Border-Crossing and Social Protest in the Han River Highlands in Mid-Qing China
Wensheng Wang, University of Hawaii, Manoa, USA

This paper examines the frontier society of the Han River highlands and how it contributed to the rise of the White Lotus rebellion (1796-1805). While provincial boundaries divided this mountainous border region into three separate administrative areas, its hostile social ecology as well as the manifold border-crossing processes it precipitated undermined this rigid division and further limited the overextended state power. By the late Ming, the Han River highlands had become the intersecting hub of three agricultural zones. This large-scale interaction accelerated during the eighteenth century, with a massive wave of immigrants moving in from neighboring provinces. Their expanding border-crossing networks contributed to an enlargement of the unruly and unregulated highland society which provided abundant organizational resources for the spread of White Lotus ideology and for social protest. So the Han River highlands was not only a “middle ground” which brought people, goods, and ideas together, it could also be taken as a “nonstate space” because neither formal state regulation nor informal elite intervention was able to cope with the pressures of structural societal transformation in this late-settled border region. As a result, White Lotus teaching quickly penetrated into the highland society and became the central part of its subversive culture. With little normative power to tame the highland forces, the late Qianlong state resorted to outright use of violence which culminated in the ferocious extermination campaign against the White Lotus sectarians across the Han River highlands. Such overaggressive efforts finally prompted a violent counter-mobilization in the uprising of 1796.

The Making of a Chinese Citizen (Zhongguo Renmin) During the Cultural Revolution: The Immigrant History of the Korean Minority in China
Dong Jo Shin, Washington State University, USA

This paper examines when and how the Korean Minority became “Chinese people.” The Korean Minority is often called a “best minority ethnicity.” In other words, it means that the Korean Minority is well assimilated into China.
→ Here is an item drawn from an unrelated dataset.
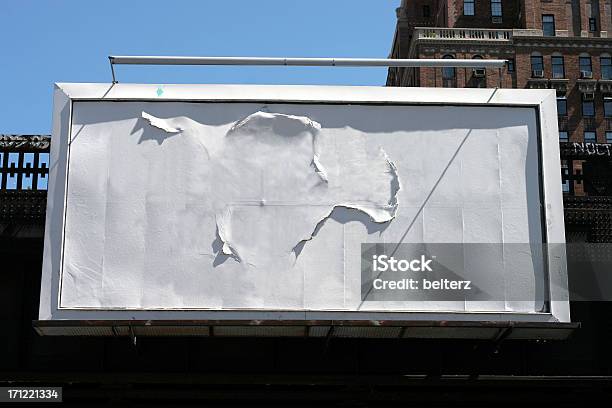 ピーリング紙のビルボード 看板 - 広告看板のストックフォトや画像を多数ご用意 - 広告看板, ニューヨーク市, はがれる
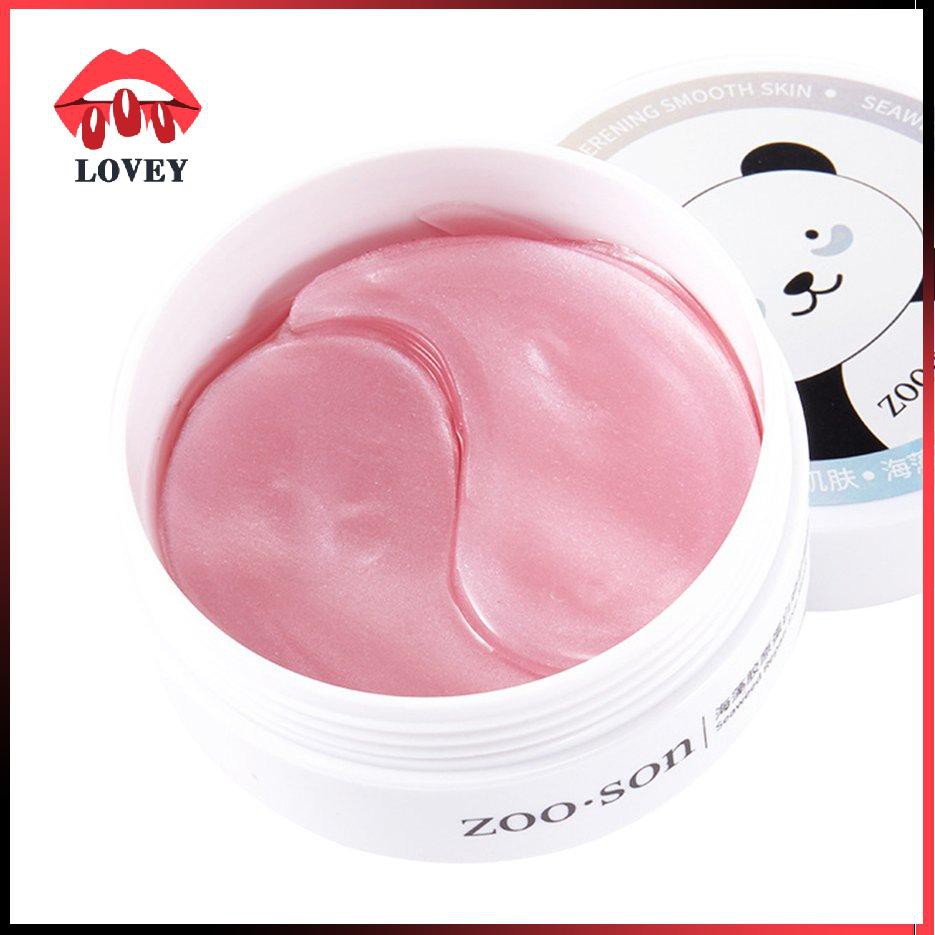 [Hàng mới về] Hộp 60 Miếng Mặt Nạ Mắt Collagen Ngọc Trai Đen Tự Nhiên Dưỡng Ẩm Xóa Quầng Thâm Chống Lão Hóa Hiệu Quả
But when and how did the Korean Minority start to have a Chinese identity? This paper argues that the identity of a Chinese citizen developed through the Cultural Revolution. At this time, the Korean Minority realized that nationality was more important than homogeneity of blood. The Red Guard found things such as Korean traditional clothing, notes written in Korean as traitorous and prosecutable—as was any record of crossing the border to North Korea. Even after the PRC was founded, the Korean Minority had often passed across the border for many reasons. But they did not know that this border crossing would be a problem in the future. The sources of this paper are the immigrant histories of the Korean Minority and some interviews. Most sources are made in Korean since this issue is currently neglected in Chinese scholarship. This paper will make the historiography of the Cultural Revolution richer since there are no materials in English about the Korean Minority during the Cultural Revolution. The Cultural Revolution was a complicated event that encompassed many aspects, such as ideological, political, and international relations. Particularly to understand the “Cultural Revolution of the people,” however, this paper argues that “nationalism” operated as one of the prime powers to draw in the entire Chinese populations.